Pero, el rostro de Lolita Lebrón, rostro proscrito en su tierra, rostro de la heroína tildada de terrorista… ese rostro luminoso hoy ennoblece el Pabellón Central de la Biennale de Venecia. Llega allí gracias a una hermosa contingencia: el curador Pedrosa, sin previo aviso, visitó el Museo de Arte Contemporáneo de Puerto Rico, donde la pieza de Delano estaba en exhibición. En su selección para la Biennale, por tanto, no mediaron influencias, pagos o peticiones. La obra llegó a Venecia únicamente por su significativa potencia. Este hecho apuntala una verdad: nos apremia la exposición permanente de nuestras colecciones para el beneficio de tanto espectadores como artistas. Imposible crecer cuando nuestra producción permanece secuestrada en almacenes.
Sabido es que a Puerto Rico no se le reconoce en el mundo como país. En consecuencia, nuestra participación en foros internacionales es prácticamente nula. Por ello, la presencia de un artista puertorriqueño en la Biennale es un logro verdaderamente histórico. No obstante, mientras no nos resolvamos a ocupar nuestro legítimo espacio entre las naciones del mundo, esa presencia difícilmente se repetirá. Esa es una responsabilidad que le corresponde no solamente a los artistas, sino a la nación completa. Los puertorriqueños estamos listos para ocupar nuestro espacio en el globo. Solamente nos falta quererlo. Atrevernos.

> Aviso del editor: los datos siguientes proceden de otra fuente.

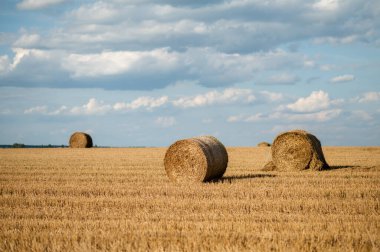 Bulutlu mavi bir gökyüzünün altında yeni biçilmiş bir tarlada saman balyalarıyla manzaralı kırsal alan.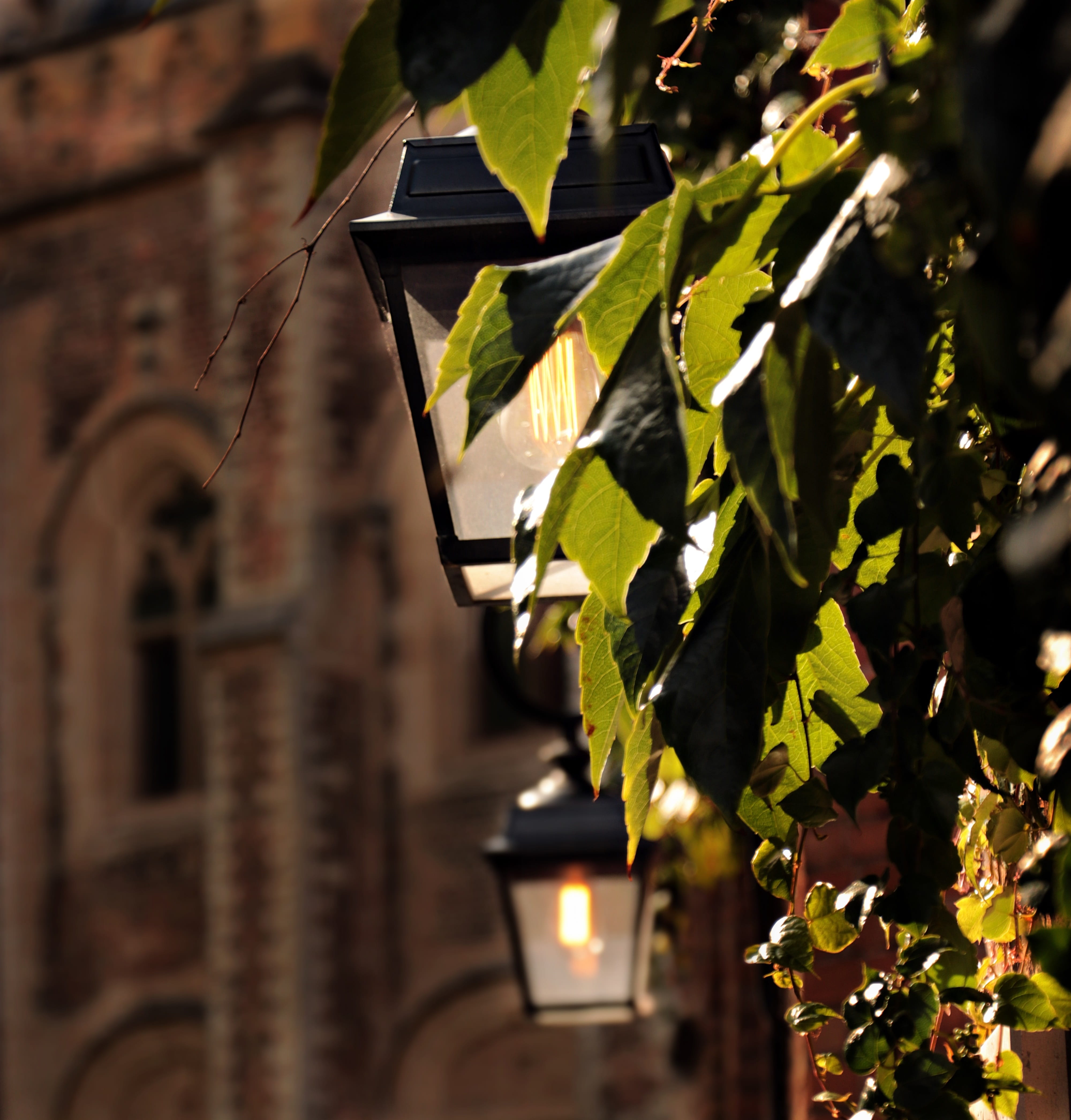 belgium, tree, church, green, downtown, growth, facade, lighting, street lanterns, plant, bruges, vine leaves, plant part, evening, nature, focus on foreground, Phone HD Wallpaper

En el Pabellón de USA, esta edición de la Biennale le fue asignada al artista Jeffrey Gibson, de ascendencia cheroqui y miembro de los amerindios choctaw. En una de sus piezas, un busto titulado Be Some Body (2024), la figura luce al cuello un prendedor con un texto que lee: “IF WE SETTLE FOR WHAT THEY’RE GIVING US…WE DESERVE WHAT WE GET!”. Esa aserción describe exactamente la infame situación de los puertorriqueños. ¿Cuándo diremos basta?